- WHAT TO PRODUCE: Starting at the line with "粪类圆线虫中间宿主图片" and ending at the line with "Safe Cleanup of Fire Ash Safe", print exactly the lines of the entries below. Pictures do not belong in the copy.

- TASK INPUT:
++++++

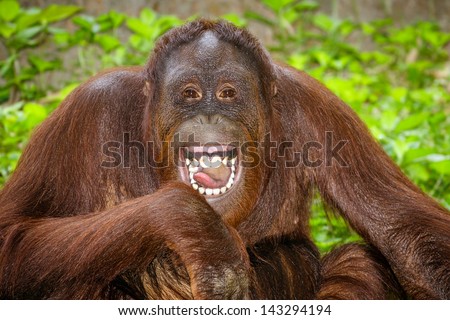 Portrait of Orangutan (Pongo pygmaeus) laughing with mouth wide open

++++++

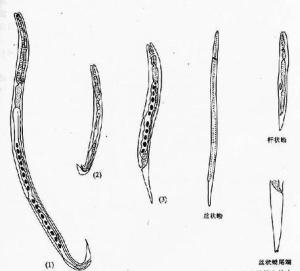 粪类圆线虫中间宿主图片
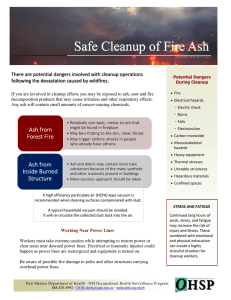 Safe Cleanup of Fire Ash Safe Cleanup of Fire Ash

++++++

- ANSWER SECTION:
 粪类圆线虫中间宿主图片
 Safe Cleanup of Fire Ash Safe Cleanup of Fire Ash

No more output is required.